Secretary Shultz is going to Madrid to meet with representatives
of 35 countries who, for 3 years, have been negotiating
an agreement having to do with, among other things, human
rights. Foreign Minister Gromyko of the Soviet Union is
scheduled to attend that meeting. If he does come to the
meeting, Secretary Shultz is going to present him with
our demands for disclosure of the facts, corrective action,
and concrete assurances that such a thing will not happen
again and that restitution be made.
As we work with other
countries to see that justice is done, the real test
of our resolve is whether we have the will to remain
strong, steady, and united. I believe more than ever — as evidenced by your thousands and thousands
of wires and phone calls in these last few days — that
we do.
I have outlined some
of the steps we're taking in response to the tragic massacre.
There is something I've always believed in, but which
now seems more important than ever. The Congress will
be facing key national security issues when it returns
from recess. There has been legitimate difference of
opinion on this subject, I know, that I urge the Members
of that distinguished body to ponder long and hard the
Soviets' aggression as they consider the security and
safety of our people — indeed, all people who
believe in freedom.
Senator Henry Jackson,
a wise and revered statesman and one who probably understood
the Soviets as well as any American in history, warned
us, "the greatest threat
the United States now faces is posed by the Soviet Union." But
Senator Jackson said, "If America maintains a strong
deterrent — and only if it does — this nation
will continue to be a leader in the crucial quest for enduring
peace among nations."
The late Senator made those statements in July on the
Senate floor, speaking in behalf of the MX missile program
he considered vital to restore America's strategic parity
with the Soviets.
When John F. Kennedy was President, defense spending as
a share of the Federal budget was 70 percent greater than
it is today. Since then, the Soviet Union has carried on
the most massive military buildup the world has ever seen.
Until they are willing to join the rest of the world community,
we must maintain the strength to deter their aggression.
But while we do so, we must not give up our effort to
bring them into the world community of nations. Peace through
strength as long as necessary, but never giving up our
effort to bring peace closer through mutual, verifiable
reduction in the weapons of war.
I've told you negotiations we've suspended as a result
of the Korean airline massacre, but we cannot, we must
not give up our effort to reduce the arsenals of destructive
weapons threatening the world. Ambassador Nitze has returned
to Geneva to resume the negotiations on intermediate-range
nuclear weapons in Europe. Equally, we will continue to
press for arms reductions in the START talks that resume
in October. We are more determined than ever to reduce
and, it possible, eliminate the threat hanging over mankind.
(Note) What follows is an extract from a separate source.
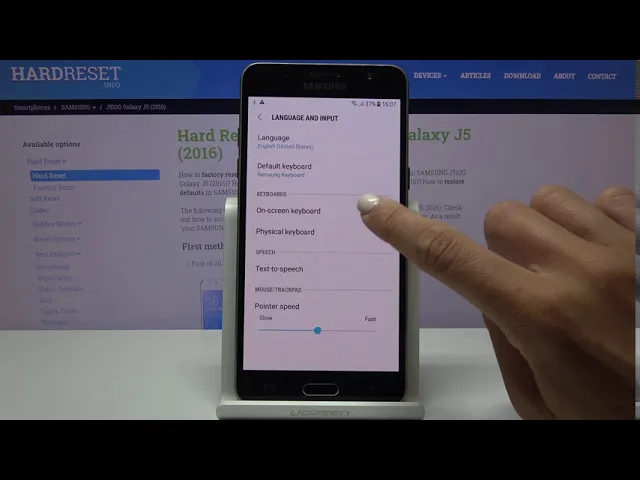 Video thumbnail for How to Activate Auto Spell Check in SAMSUNG Galaxy J5 (2016)– Autocorrection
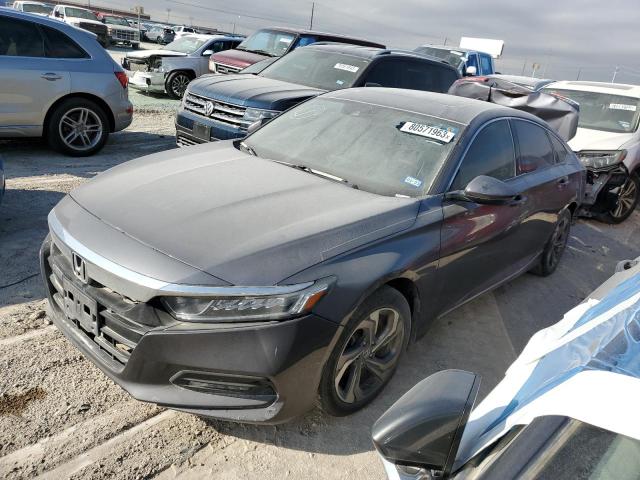 Image 1 of 2019 HONDA ACCORD EXL 2019 with VIN 1HGCV1F51KA051884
We know it will be heard to make a nation that rules its
own people through force to cease using force against the
rest of the world. But we must try.
This is not a role we sought. We preach no manifest destiny.
But like Americans who began this country and brought forth
this last, best hope of mankind, history has asked much
of the Americans of our own time. Much we have already
given; much more we must be prepared to give.
Let us have faith, in
Abraham Lincoln's words, "that
right makes might, and in that faith let us, to the end
dare to do our duty as we understand it." If we do,
if we stand together and move forward with courage, then
history will record that some good did come from this monstrous
wrong that we will carry with us and remember for the rest
of our lives.
Thank you. God bless you, and good night.